__Work to be completed__. Give the records again in full, exactly as they appear, but without the pictures.

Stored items
----------
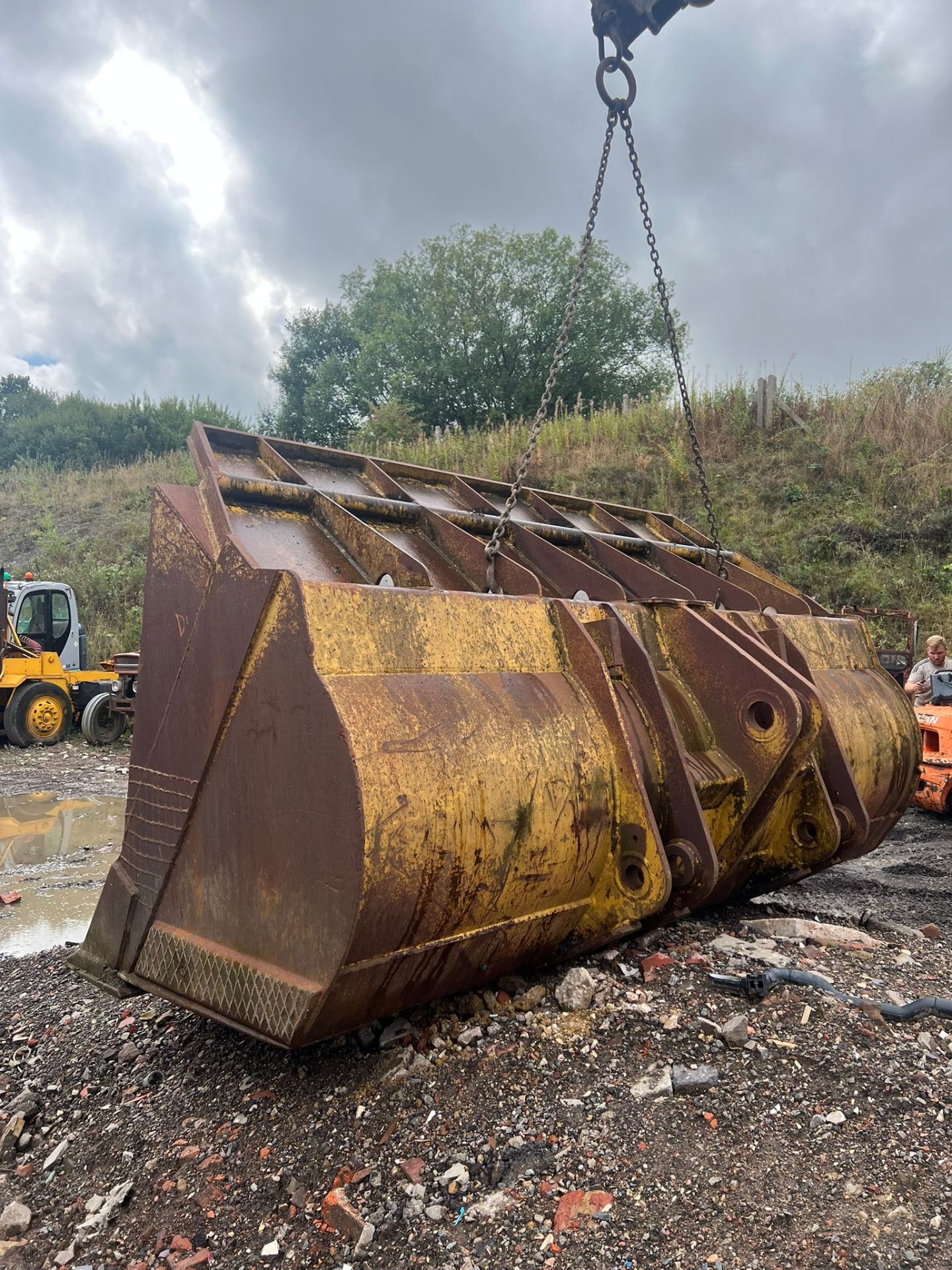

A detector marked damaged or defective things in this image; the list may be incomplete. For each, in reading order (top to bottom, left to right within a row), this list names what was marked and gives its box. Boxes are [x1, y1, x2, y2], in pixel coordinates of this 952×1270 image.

rusty steel bucket [72, 424, 924, 1041]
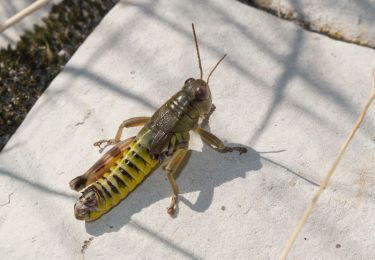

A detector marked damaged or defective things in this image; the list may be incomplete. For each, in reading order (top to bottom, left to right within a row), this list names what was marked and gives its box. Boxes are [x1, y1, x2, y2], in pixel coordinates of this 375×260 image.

crack in concrete [238, 0, 375, 49]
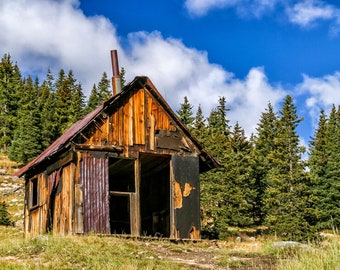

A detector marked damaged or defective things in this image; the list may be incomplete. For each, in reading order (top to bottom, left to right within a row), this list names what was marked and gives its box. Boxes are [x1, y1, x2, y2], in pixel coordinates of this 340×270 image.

rusty metal roof [14, 76, 219, 177]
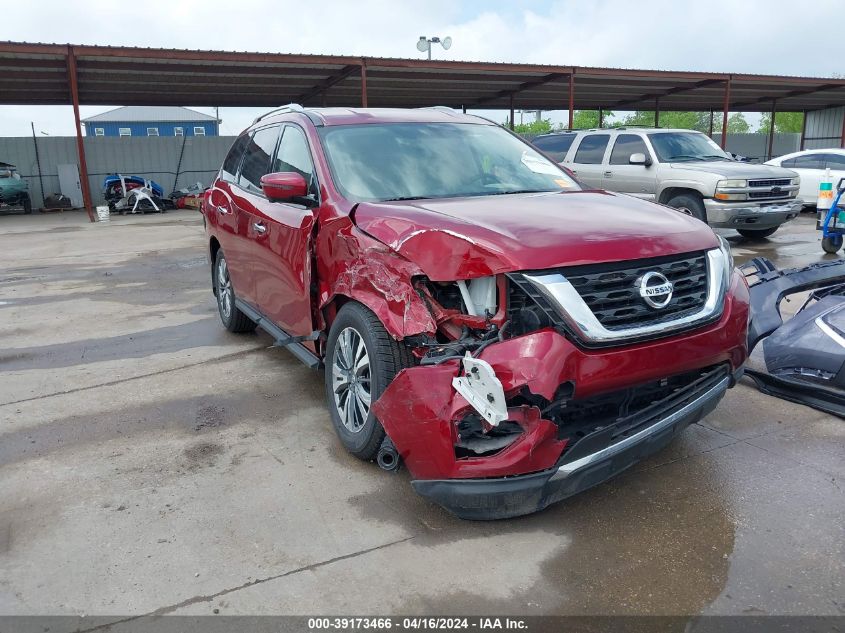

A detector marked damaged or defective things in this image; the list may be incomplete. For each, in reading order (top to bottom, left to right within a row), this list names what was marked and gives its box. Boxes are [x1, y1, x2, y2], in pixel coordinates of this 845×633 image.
----------
__Answer to this task__.
A detector marked damaged or defective things in this image; the list may be incomplete. For each, in reading order (top to bottom, left to right within a row), this list names what was marked and gives its box. Boxes are [x1, y1, x2, y2], in pixel coordinates of this 952×1270 image.

rusty steel bucket [72, 424, 924, 1041]

A detector marked damaged or defective things in this image; the list may be incomplete. For each, in reading order (top to bottom, left to right within a row), this list names what was marked and gives its box. Boxes are [x1, y1, x2, y2], in pixel coordinates of this 375×260 image.

crack in concrete [238, 0, 375, 49]

A detector marked damaged or defective things in this image; the list may be incomplete. For each, in reading order (top to bottom, left to right within a row), this list names what was marked and gives its box. Boxes are [x1, y1, x2, y2], in pixel coordinates of this 340×270 image.

rusty metal roof [14, 76, 219, 177]

A detector marked damaged or defective things in this image; the list may be incomplete. For each, in reading order (top to bottom, left to right within a row), this list names what was marked and gives its box. Boxes are [x1, y1, x2, y2], in pixel coordinates of this 845×633 image.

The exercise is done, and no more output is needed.